SAN DIEGO (Border Report) — A representative with the U.S. Department of Justice says there needs to be stiffer penalties, including longer prison terms, for those caught smuggling people across the border.
Ian Martínez Hanna, co-director of Joint Task Force Alpha, also wants the U.S. to work closer with Central American countries, Mexico and Colombia to go after criminal organizations that recruit, organize and smuggle large groups of migrants.
Martínez Hanna said prison terms need to be especially longer when it involves injuries or death to a migrant.
“Sentences are very light for those trafficking people,” he said. “Longer sentences would be a deterrent.”

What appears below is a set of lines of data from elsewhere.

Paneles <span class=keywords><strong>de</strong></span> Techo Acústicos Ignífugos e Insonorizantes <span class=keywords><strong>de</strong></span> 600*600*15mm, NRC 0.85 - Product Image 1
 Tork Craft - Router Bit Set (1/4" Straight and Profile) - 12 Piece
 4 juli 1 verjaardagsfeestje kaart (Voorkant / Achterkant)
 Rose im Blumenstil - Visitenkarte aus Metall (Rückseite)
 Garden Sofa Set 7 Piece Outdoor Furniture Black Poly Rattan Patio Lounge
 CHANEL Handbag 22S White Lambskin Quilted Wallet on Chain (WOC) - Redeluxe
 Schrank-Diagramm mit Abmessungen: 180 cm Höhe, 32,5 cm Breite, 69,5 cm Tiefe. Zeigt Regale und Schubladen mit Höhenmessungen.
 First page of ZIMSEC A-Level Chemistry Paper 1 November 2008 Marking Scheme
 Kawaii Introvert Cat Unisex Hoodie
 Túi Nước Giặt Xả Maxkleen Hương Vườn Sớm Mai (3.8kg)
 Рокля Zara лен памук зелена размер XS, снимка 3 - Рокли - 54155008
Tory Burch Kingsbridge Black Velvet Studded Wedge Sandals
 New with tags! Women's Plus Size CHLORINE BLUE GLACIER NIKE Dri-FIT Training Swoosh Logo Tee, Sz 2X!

As an example, Martínez Hanna used the disappearance of dozens of migrants who were on a boat near Nicaragua.
He also pointed to the 50 migrants who died inside a trailer in San Antonio last summer.
“We’re trying to get longer sentences longer for the leaders of these smuggling groups, those who work with cartels in Mexico to conduct their human trafficking,” Martínez Hanna said. “They gain from the migrants’ suffering, in the last four years, our group has made 345 arrests of national and international human smugglers and 300 of them received sentences longer than 30 years.”
He also stated those in charge are rarely punished especially now that cartels are relying more and more on human trafficking because it has a higher profit margin than illicit drugs, which require more investment to produce and transport.
“These numbers reflect the cruel reality of those coerced by smugglers, those who are forced into the sex trade or become slaves to those who become indentured servants.”
Martínez Hanna is hopeful the Justice Department will design and impose stiffer sentencing guidelines for smugglers in the near future.